Escape from West Papua

After my malaria diagnosis, I sweated my way through the next three days, almost entirely bed bound, and we abandoned our original plan to proceed further into the interior of West Papua – exploring areas devoid of tourists and largely impossible to get to. Manado would be a much better destination for rest and recuperation, especially as we knew of a lovely small hotel on the side of a hill with the most amazing food.

Meanwhile, the reaction to my illness has been interesting. The typical international reaction has been “Oh god. That’s horrible. When are you flying back to a real hospital?”, often accompanied with sympathetic looks or deathly silences. Whereas the local reaction is a lot more along the lines of “Oh really? Malaria? Hmmm. Well, what would you like for breakfast tomorrow?” It seems that malaria here is equivalent to the common cold.

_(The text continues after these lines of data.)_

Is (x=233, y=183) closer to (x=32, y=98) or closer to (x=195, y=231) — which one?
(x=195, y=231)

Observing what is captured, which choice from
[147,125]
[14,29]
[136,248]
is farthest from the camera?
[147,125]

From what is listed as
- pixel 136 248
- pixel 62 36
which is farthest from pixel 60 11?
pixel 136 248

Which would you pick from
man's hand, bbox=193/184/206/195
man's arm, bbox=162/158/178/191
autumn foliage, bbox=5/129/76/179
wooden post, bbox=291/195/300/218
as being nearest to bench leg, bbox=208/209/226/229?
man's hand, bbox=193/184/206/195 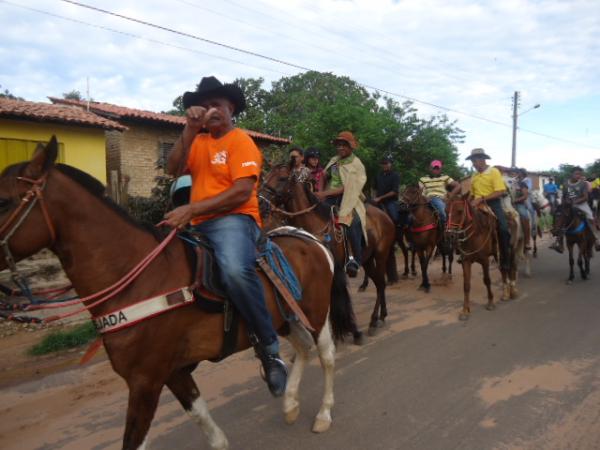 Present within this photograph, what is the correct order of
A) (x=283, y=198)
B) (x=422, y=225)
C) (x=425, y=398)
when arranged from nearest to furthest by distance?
(x=425, y=398) < (x=283, y=198) < (x=422, y=225)

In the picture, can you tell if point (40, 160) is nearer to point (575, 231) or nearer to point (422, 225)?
point (422, 225)

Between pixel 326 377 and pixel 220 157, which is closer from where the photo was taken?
pixel 220 157

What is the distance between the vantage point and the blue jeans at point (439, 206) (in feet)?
30.8

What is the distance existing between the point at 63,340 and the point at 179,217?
4.60 metres

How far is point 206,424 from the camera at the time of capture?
3.16 metres

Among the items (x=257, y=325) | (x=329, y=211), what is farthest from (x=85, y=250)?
(x=329, y=211)

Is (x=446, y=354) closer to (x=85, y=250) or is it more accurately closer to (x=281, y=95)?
(x=85, y=250)

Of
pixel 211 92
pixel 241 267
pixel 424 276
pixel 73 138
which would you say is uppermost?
pixel 73 138

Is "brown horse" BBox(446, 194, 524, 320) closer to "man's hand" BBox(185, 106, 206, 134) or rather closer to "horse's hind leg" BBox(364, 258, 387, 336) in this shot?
"horse's hind leg" BBox(364, 258, 387, 336)

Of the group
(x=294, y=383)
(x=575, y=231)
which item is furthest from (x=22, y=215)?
(x=575, y=231)

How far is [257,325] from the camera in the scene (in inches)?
112

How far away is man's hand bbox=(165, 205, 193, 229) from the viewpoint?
8.34 ft

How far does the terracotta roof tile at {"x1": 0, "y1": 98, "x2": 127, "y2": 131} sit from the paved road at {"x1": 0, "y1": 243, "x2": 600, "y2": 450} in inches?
346

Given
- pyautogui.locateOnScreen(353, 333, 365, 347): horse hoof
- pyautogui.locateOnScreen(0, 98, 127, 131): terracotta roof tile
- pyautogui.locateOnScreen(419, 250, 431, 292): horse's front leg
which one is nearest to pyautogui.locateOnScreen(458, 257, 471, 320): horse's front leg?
pyautogui.locateOnScreen(419, 250, 431, 292): horse's front leg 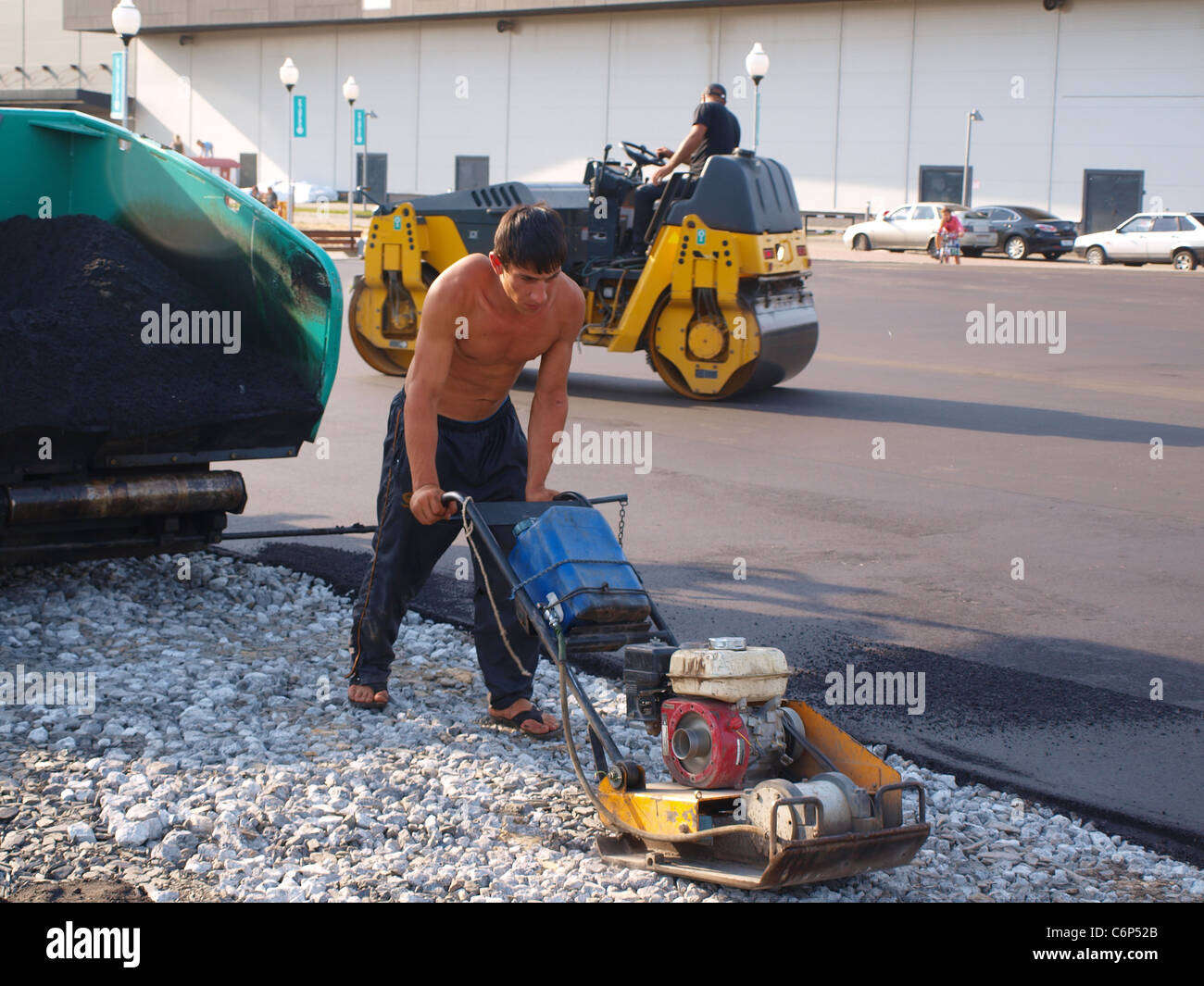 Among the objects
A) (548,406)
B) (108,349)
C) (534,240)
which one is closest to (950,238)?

Saying bye to our Papuan friends

There was one ferry that day to the mainland where we would spend a night before flying back to Manado. When we arrived at the ferry it was pouring with rain and I was quickly ushered into the first class section of the ferry to Sorong and told to sit there and guard the bags whilst dad went to get tickets. I sat there patiently as time wore on…10 minutes and still no sign… Another 10 minutes…still nothing. Then the ship’s siren sounded and I went into full-on panic mode as we started to cast off. As I tried to grab all the bags and make a dramatic leap to land I bumped into dad who had decided it wasn’t worth paying the extra 50p for the comfortable air-conditioned seats.

Economy class

Instead, our journey revolved a rather large gentleman who had clearly been at the “Cap Tikus” – “Rat Brand” which is an Indonesian spirit that can also be used to fuel cars. “YOU! You speak Chinese to me.” He roared at some innocent passenger. “I lived in Taiwan for 8 years. CHING CHONG CHAAAAAAA.” Followed by a round of hysterical laughter before he moved onto the next unsuspecting victim. The excitement didn’t end there. Once we got to Manado we proceeded to get into the taxi of the most drunk man on earth. After narrowly avoiding crashing into 3 separate parked cars, starting a fight and running a man off the road, we arrived at the hotel. I was as pale as a sheet and sorely in need of another 3 days complete bed rest! – and perhaps a glass of cap tikus to settle my nerves.